16 thoughts on “Common Phrases”

  1. I’m getting very irritated by sites that don’t let you see their content unless you give them your Facebook or other information…

  2. I recall the 8 inch disk as being called a “Floppy Disk” because of its obvious characteristics. That name stuck as the density shrank the format.

  3. I didn’t agree with that long list of typesetting terms; other than “mind your p’s and q’s”, very few of those items are used in everyday vernacular. Seemed like someone who really had a thing for typsetting wanting to show off…
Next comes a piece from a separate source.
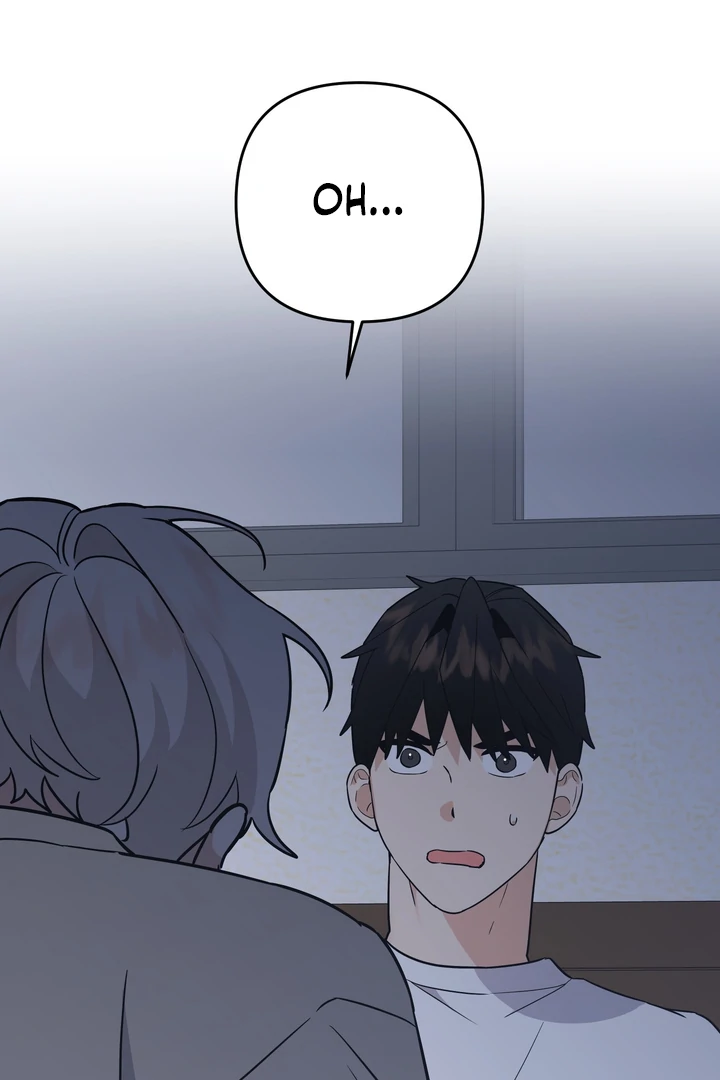 To My Beloved Enemy - Chapter 7 Page 3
  4. I didn’t agree with that long list of typesetting terms

    Well, Johnny B, you used both “upper case” and “lower case” type in your sentence written in a “font” that looks like Arial. The spacing between the lines of “type” is called “leading” which is a variable offered in most word processors. Although your post has a ragged-right edge, it could have been “justified” (say, in a word processor) in which case every line (except for possibly the last one) would have the same length. And to allow the type to appear aesthetic during justification, the characters can be “kerned” which is varying the space between the characters in addition to varying the space between the words. Now let’s consider “dingbats” : )

    1. Clarification: the type face looks like Arial when composing it, but appears as Times Roman when published.
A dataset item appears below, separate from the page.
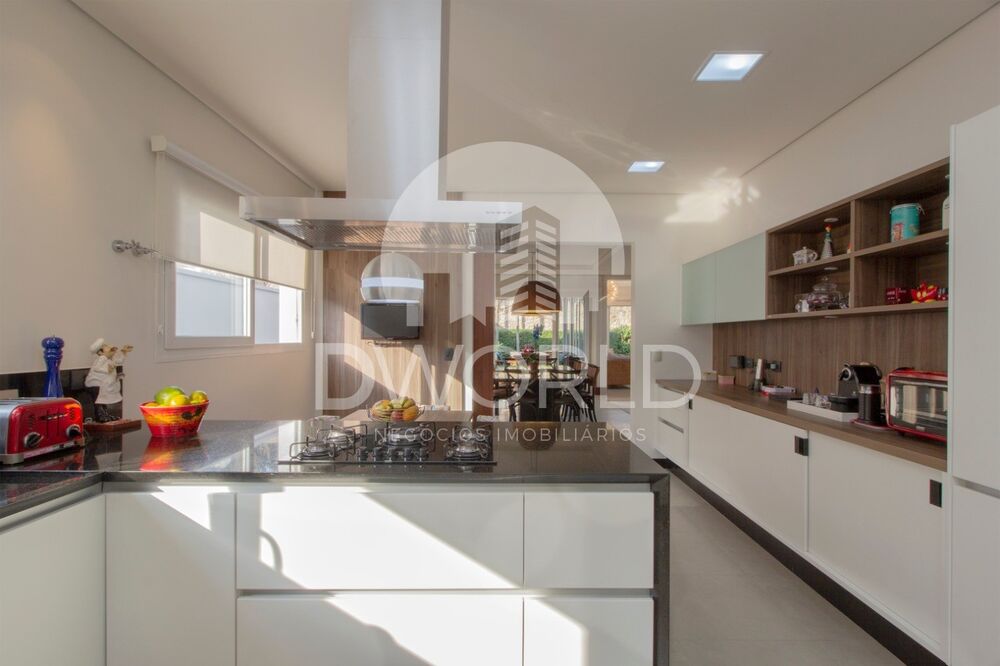 Sobrado, 4 quartos, 550 m² - Foto 15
    2. Even my friends who are designers don’t use “leading”, “kerning”, or “justified” in their daily speech, other than actual shop talk; I’m pretty sure that the phrase “he really kerned those cars into that driveway” has never actually been uttered from a human’s mouth.

      The question posed was about “common everyday phrases”. Most people don’t even know what “kerning” is, let alone use it in their daily speech the way phrases, “the whole nine yards”, “cart before the horse”, etc. are used.

      “Upper case” and “lower case” may be used in daily conversation, and they have an interesting origin, but the inclusion in that posting of the words “kerning”, “justifying”, and body size” are nothing more than straight definitions of typography terms.

      1. So, these type setting terms are more technical jargon than everyday phrases. Point taken. But I guess what made these terms somewhat relevant to the discussion is that they appear today in every computer application that has anything to do with type. Although I grant you that kerning is pretty esoteric.

  5. My favorite is “Give it the whole nine yards.” This is one that everyone knows, but most have no clue of its origin. Is it a football term? No. There are no “nine yard” anythings in football. Could it be a nautical term from sailing ships that had nine yard arms (three masts with three yardarms each)? No. How about a cement truck that carries nine cubic yards of concrete? No. I ultimately learned the answer while watching a documentary about WWI. The invention of the machine gun required the bullets to carried on a belt so they could be automatically fed into the gun. Guess the length of that belt. . . You got it, nine yards. So when they said, “Give it the whole nine yards” they meant empty the magazine–give it everything you’ve got.

    1. Except that, A: “whole nine yards” was never used in print until the 1950s, and B: the common belt-fed machine guns of WWI all used approximately five-yard belts. And in case anyone is wondering, no common WWII machine gun used a nine-yard belt either, particularly not the ones on US fighter airplanes.

      Your second sentence, at least, is almost perfectly correct. It would be improved by eliminating the word “most”.

  6. “The chief lighting technician is a “Gaffer” …”

    How things have changed. Today the definition of this word is: Joe Biden.

  7. Back when most of the population was almost completely innumerate, livestock transactions were done by herding the animals in question through a single point where one person, a mutually trusted party, would take a pebble from a pile as each animal went by and putting it in a bag. Once they had been counted, the seller would then match the pebbles against whatever quantity of goods he was getting in exchange, one by one. The Latin for “pebble” was “Calculus”. The person who kept track of the pebbles was the
    “Calculator”. In old England the custom was for the person counting to call the count out as the animals passed by, and make a notch on a stick, which became the record of the transaction. The process was called “telling”, the person who called out was called the “teller”, and the stick was called the “tally”. Bank tellers still “tell” when they count the bills out loud when you withdraw cash.

  8. Regarding “the whole nine yards” and machine gun belts, IIRC the best explanation is not from WWI or from fighter aircraft in WWII; it’s from WWII bombers.